Por outro lado, não vejo nessa derrota indícios de que o presidente sai do pleito enfraquecido. Nem mesmo do ponto de vista institucional: entre os partidos que mais cresceram em número de prefeituras conquistadas, estão DEM, PP e PSD, justamente os que compõem o chamado “centrão”, com quem Bolsonaro negocia (passe o eufemismo) desde há alguns meses a “governabilidade”. O MDB, sempre governista não importa quem esteja no governo, segue sendo quem mais administra cidades país afora, quase 800 municípios.

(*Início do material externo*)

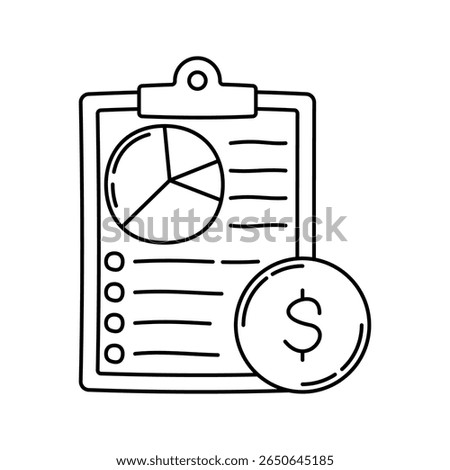 Clipboard Chart Outline Doodle, document with pie chart and checklist, useful for financial planning, reporting, and auditing illustrations.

O que isso significa? Algumas coisas.

Naturalizamos de tal forma o fato de que somos governados por um desqualificado, que esquecemos que mesmo um desclassificado consegue pensar estrategicamente – ou, o que parece ser o caso, de cercar-se de quem é capaz de fazê-lo. Depois de romper e dividir o PSL; minar sua base de apoio no Congresso; romper com aliados estratégicos, como Doria e Witzel; acompanhar dois deles serem destituídos de suas funções – o governador catarinense Carlos Moisés e o próprio Witzel –; e ver sua família e amigos mais próximos estamparem as manchetes policiais, Bolsonaro sabia que precisava reagrupar as forças políticas em busca de sustentação.

A decisão de negociar com a clientela habitual no Congresso, ao invés de apostar no apoio orgânico das lideranças e partidos que o elegeram, mostrou-se aparentemente acertada, mais até, depois de domingo, do que o próprio Bolsonaro imaginou. Porque com os partidos vitoriosos nas eleições municipais embarcando no governo, ao menos em tese, o presidente amplia sua capilaridade e inserção entre o eleitorado, nem que para isso precise recuar, momentaneamente, no ímpeto autoritário e golpista.

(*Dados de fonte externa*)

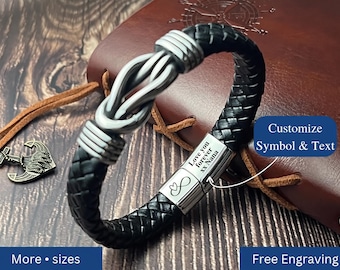 Personalized Braided Leather Bracelet For Men, Custom Engraved Infinity Knot Cuff, Son Grandson Gift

Nesse sentido, mais que um desgaste do bolsonarismo, o que parece estar a surgir seja um novo arranjo político-partidário, formado pela aproximação entre o núcleo duro da extrema-direita e a chamada “direita tradicional”, com o DEM desempenhando, no governo Bolsonaro, o papel que coube ao MDB nos governos petistas. Se é evidente que 2022 é o limite (ou talvez não), ainda é cedo para saber se a aproximação vai virar aliança e, se for o caso, se a aliança se sustenta até as eleições presidenciais.

Porque o expediente esbarra, principalmente, em um problema, que é a própria estratégia do bolsonarismo, desenhada desde a campanha, em 2018: recusar, publicamente, o diálogo e o equilíbrio com as demais instituições e poderes da República, condição para sustentar o discurso de um governo e um presidente anti-sistêmicos e sua cruzada contra as forças que pretendem constrangê-lo.

Sabemos que é tudo fake, mas a encenação mentirosa é o que, fundamentalmente, assegura a fidelidade de uma parcela nada desprezível do eleitorado a Bolsonaro. Se manter a mise-en-scène for condição da aliança, é possível que os quase novos aliados de agora, não se sintam confortáveis em frequentar um governo que faz de conta que não os respeita para agradar o eleitorado.

E desembarcar do bolsonarismo não será tarefa difícil para o centrão, principalmente se funcionarem as tentativas recentes de ungir, como “centro”, a direita que ajudou a eleger e construir o governo Bolsonaro e, traída, agora finge arrependimento.